Hidden (Saklı) Church

Hidden Church (Turkish, Saklı Kilise) is a richly-painted, three-aisled church in Soğanlı Valley. The church rests in a cluster of fairy chimneys and is under another small church (Kubbeli Kilise 1). The painting style dates to around 1000 AD. Note that this is not the Hidden (Sakli) Church near El Nazar Church in Göreme.


Directions


Hidden Church (along with Kubbeli Kilise) is directly opposite Karabaş Church. To reach the church, park at Canavar Kilise (at the far end of the northern fork), cross the creek, and then walk 500 meters back downstream. The walking path is easily accessible and enjoyable.


Architecture


Hidden Church is a rare, three-aisled church. The earliest Christian churches were three-aisled basilicas whose central aisle rose above the side aisles. However, Saklı Church is not an early basilica church; rather, it is a later adaption with three small aisles of equal height.

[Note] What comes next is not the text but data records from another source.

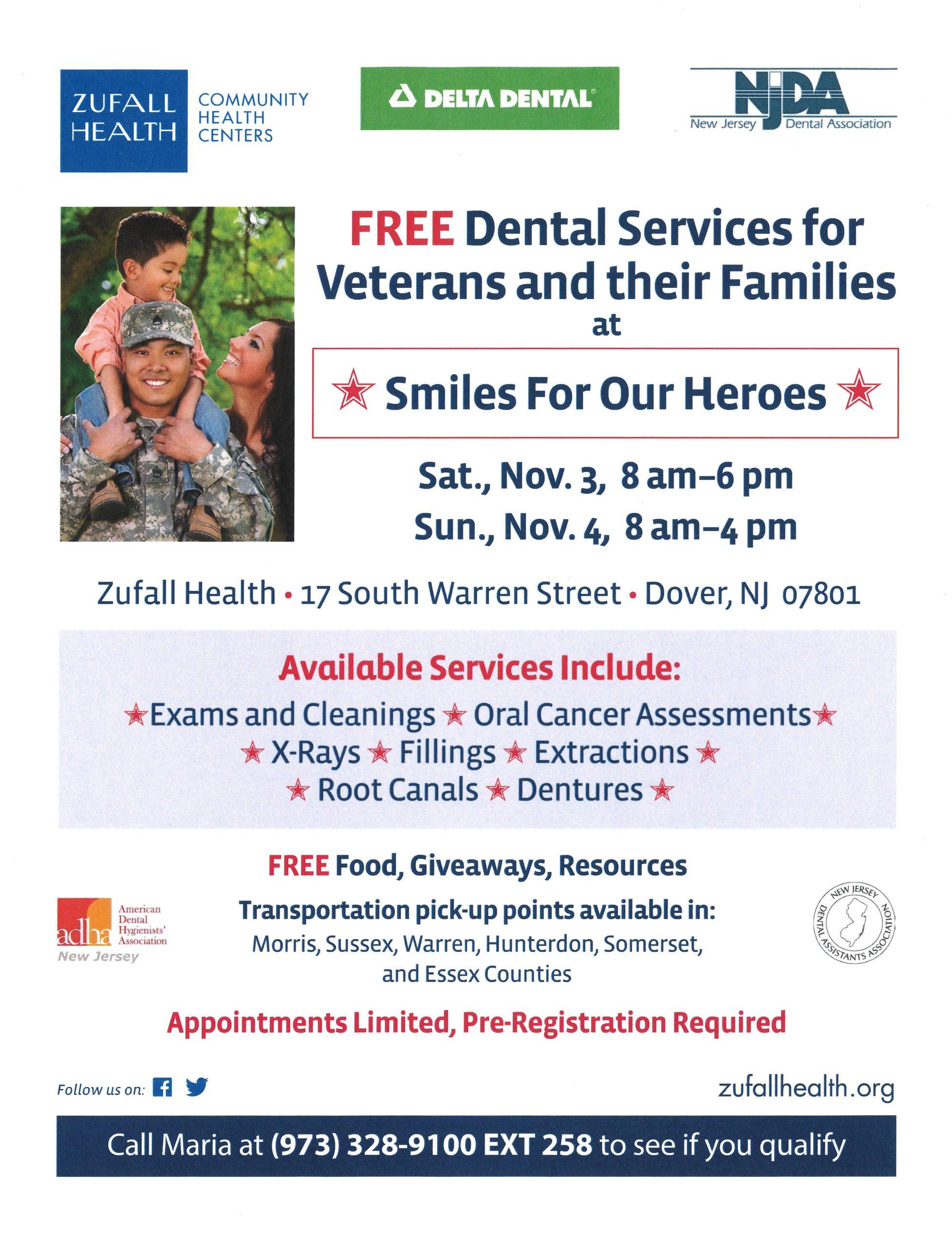 Smiles for our heroes veterans dental event flyer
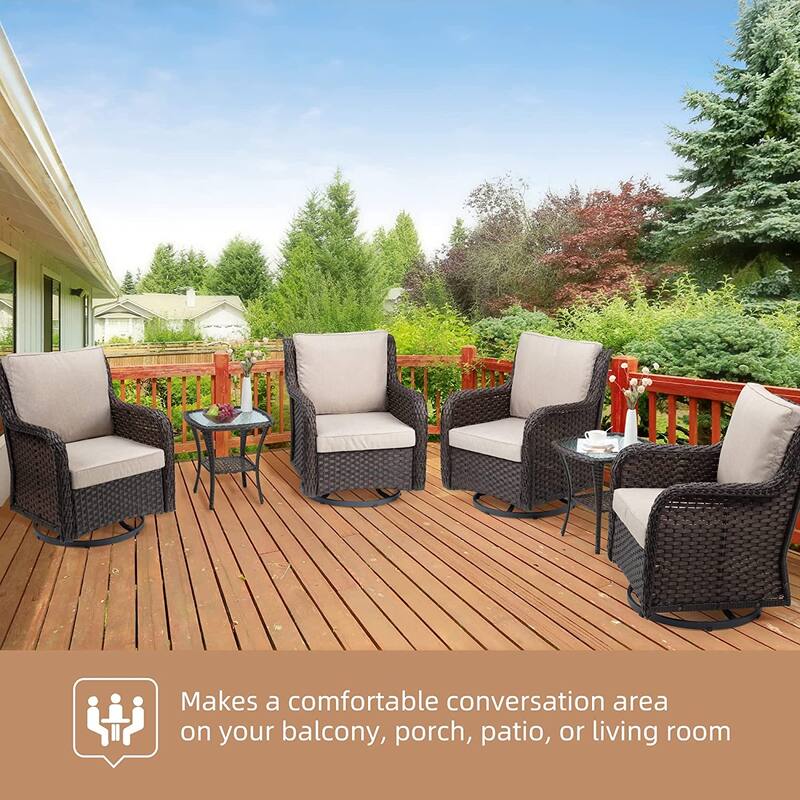 Outdoor Rotatable Seating Group with Cushions Patio Wicker Sections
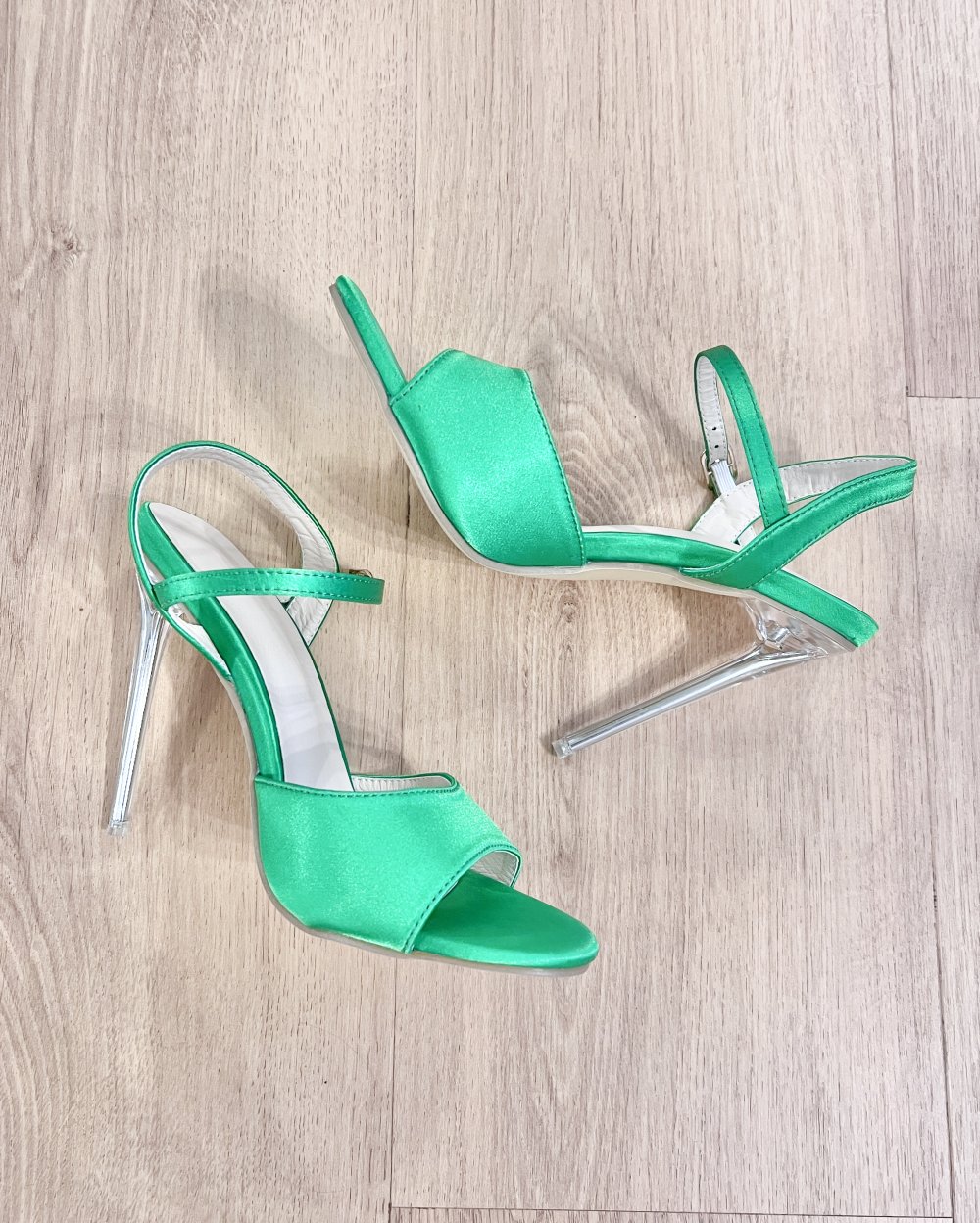 Sexy Damen Satin Knallig grüne High Heels 12,5cm Stilettos 37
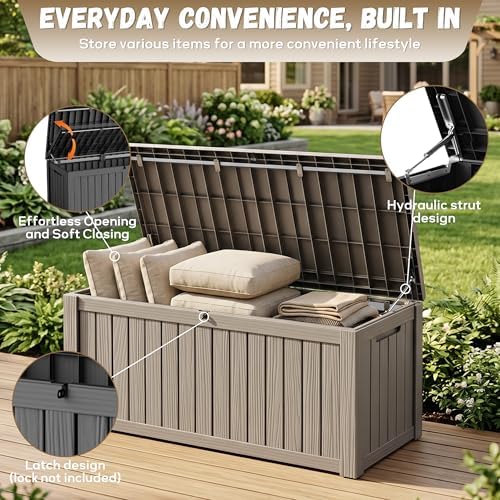 easyup 220 gallon deck box waterproof lockable outside, side view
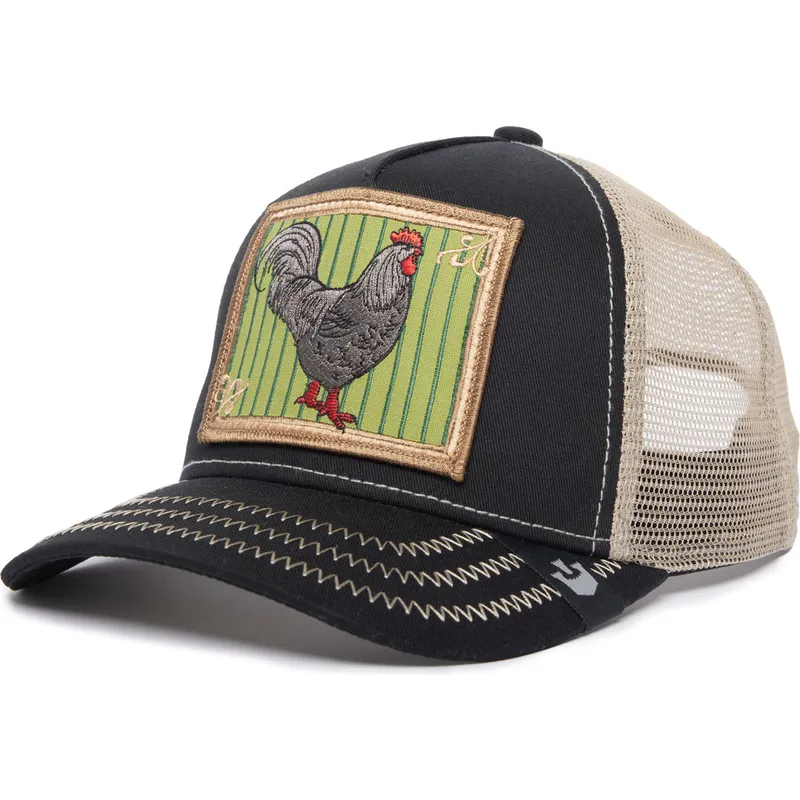 sort-og-beige-trucker-kasket-med-hane-ye-olde-cock-the-farm-retro-classic-fra-goorin-bros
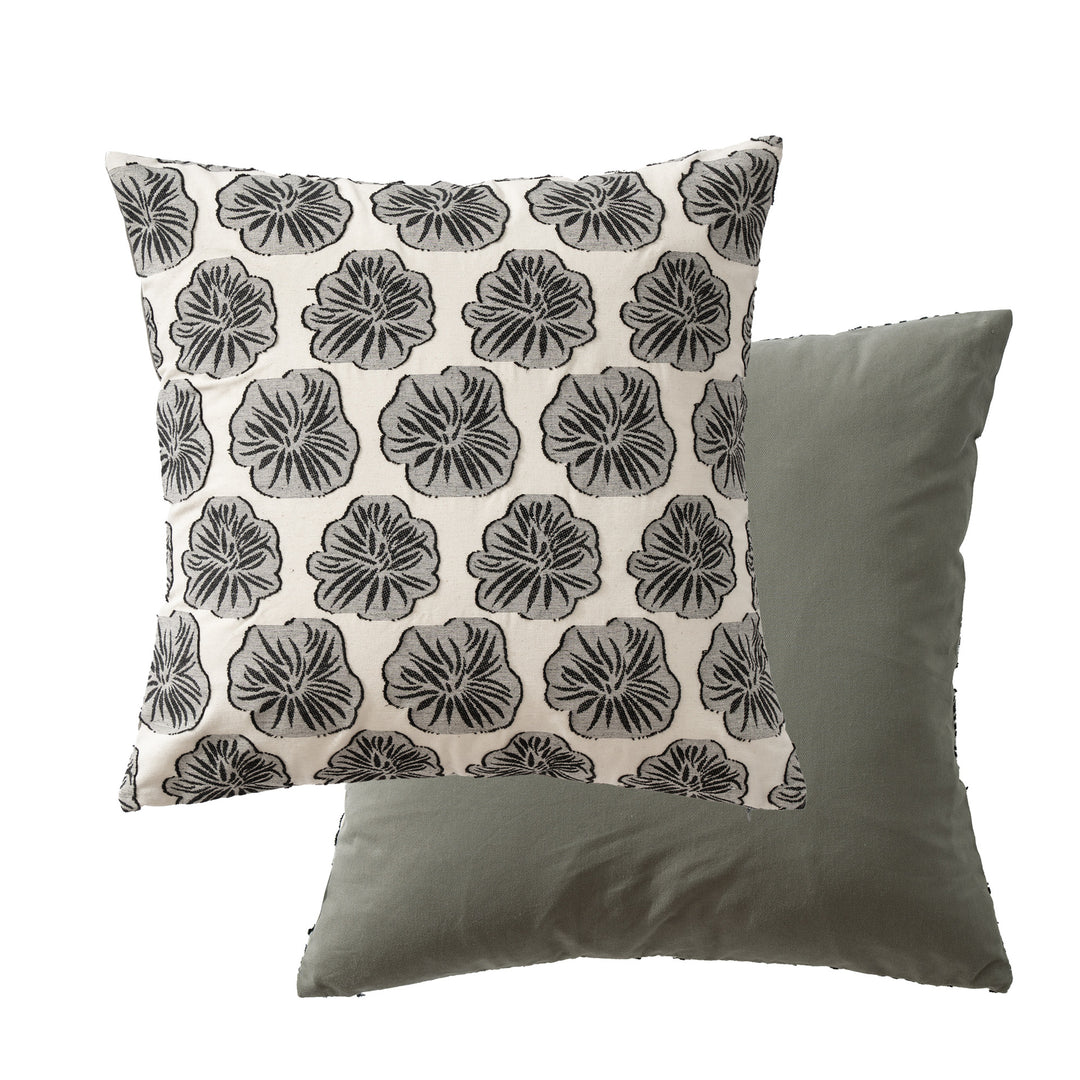 Decorative embroidered cushion cover made of cotton-linen with floral relief pattern Kalsten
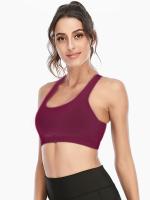 Tops cortos de manga corta para mujer, camisa deportiva de Yoga fucsia cruzada - details 2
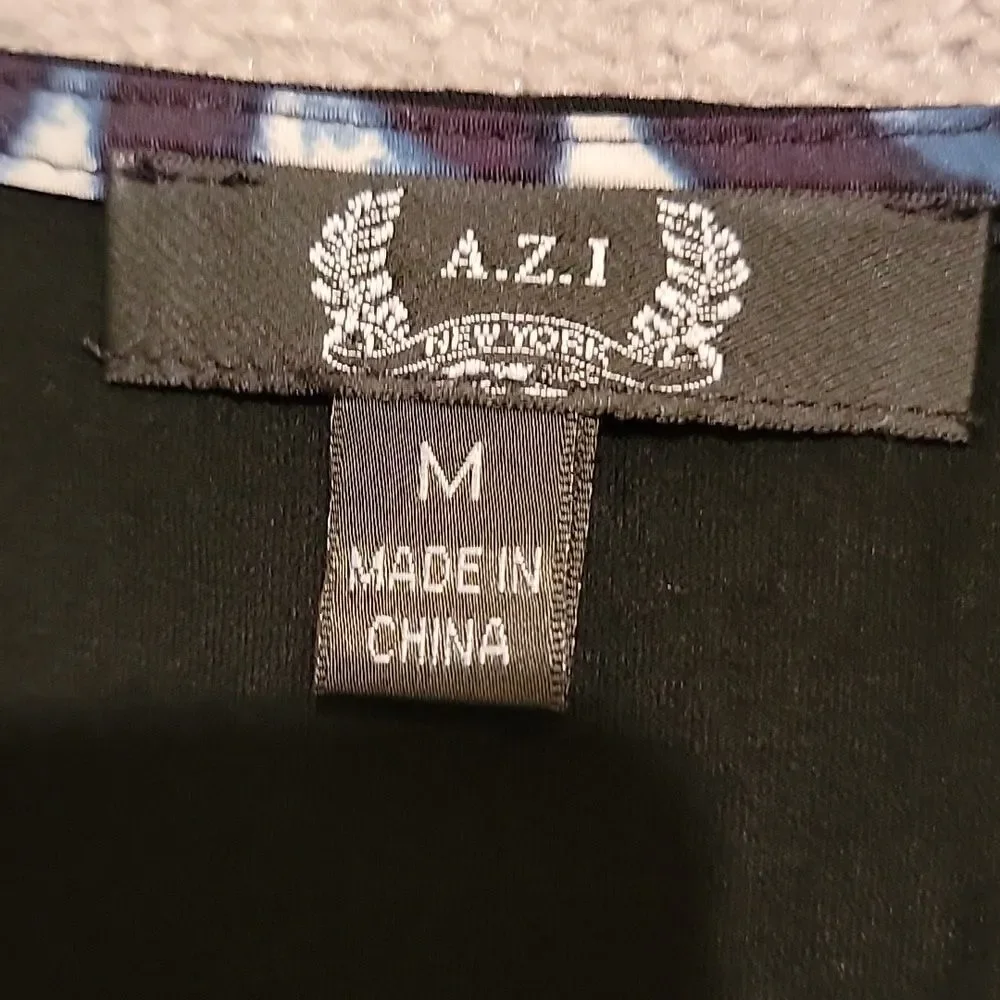A.Z.I. navy leopard print lace up tank M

Sakli Kilise (Soganli) nave

The main aisle is a meter wider than the side aisles. Two ornate pillars on each side divide the room. The carvers fluted the sides with horizontal lines, but painters later filled in these vertical grooves with plaster to flatten the surface and thereby enable the painting of standing saints. Between the pillars, thin arched passageways connect the spaces. A small bench lines the entire church. The middle aisle has two carved tombs and the remains of an ambon (central pulpit). The three apses have a stepped floor, low templon barrier, arched entrance, and attached altar.


The original entrance was from the back of the church, through the narrow narthex. However, after a rock slide covered that entrance, another entrance was carved into the front left corner of the church.


Central Aisle


The painting narration in the middle recounted Jesus’ infancy in 10 scenes. These pictures were visible as recently as the 1980s, but now only three half-scenes remain. The Birth Narrative started on the right and has fully disappeared. The Nativity is on the back wall. The upper band on the left portrays the Magi (only two are visible) and the Flight to Egypt (Mary and Jesus sitting on a donkey). The lower band had the Massacre of the Innocents, the Pursuit of Elizabeth, the Killing of Zacharias, and the Presentation at the Temple.


Left (North) Aisle


The upper part of the arched ceiling has two parallel narratives. The upper right side recounts the ministry of John the Baptist—Calling, Standing with Jesus, Preaching, and Baptizing Jesus. Water damage has faded these pictures, except for Calling. The left and central vaults give a prominent place to John the Baptist.

The upper left of the ceiling is dedicated to Jesus’ early ministry. From the back left, the scenes are Cana Wedding, Water to Wine Miracle, Samaritan Women, and Jerusalem Entry.

Saklı Kilise (Soganli) north vault: Calling of John, Peter and Paul Arrested

The lower portion of the dome ceiling features the martyrdom of the apostles. The rare pictures are difficult to discern because of their poor quality, but the written descriptions identify each scene. The narration of Peter’s and Paul’s deaths in Rome around 64 AD starts at the lower front right side. Peter and Paul appear together in four scenes: on trial before Nero, going to prison, in prison, and healing the Emperor’s daughter. The final two scenes (now faded) on the back right side are the apostle Paul going to his execution and then his martyrdom. The narration continues on the opposite side with Peter’s and Andrew’s martyrdoms. (Each is two scenes: going to martyrdom and the actual martyrdom). The final image at the front left is the martyrdom of James.


The 40 Martyrs of Sebaste fill the lower sections, squeezed between the pillars and around the apse entrance. Ten are represented in small icons above the arched entrance into the left apse. The image in the apse is Deesis—Mary and John petitioning Jesus.


Conclusion


Hidden Church is a rare-three aisled cave church. The paintings have suffered severe deterioration over recent decades, but the remaining scenes and unique architecture make it a worthwhile destination.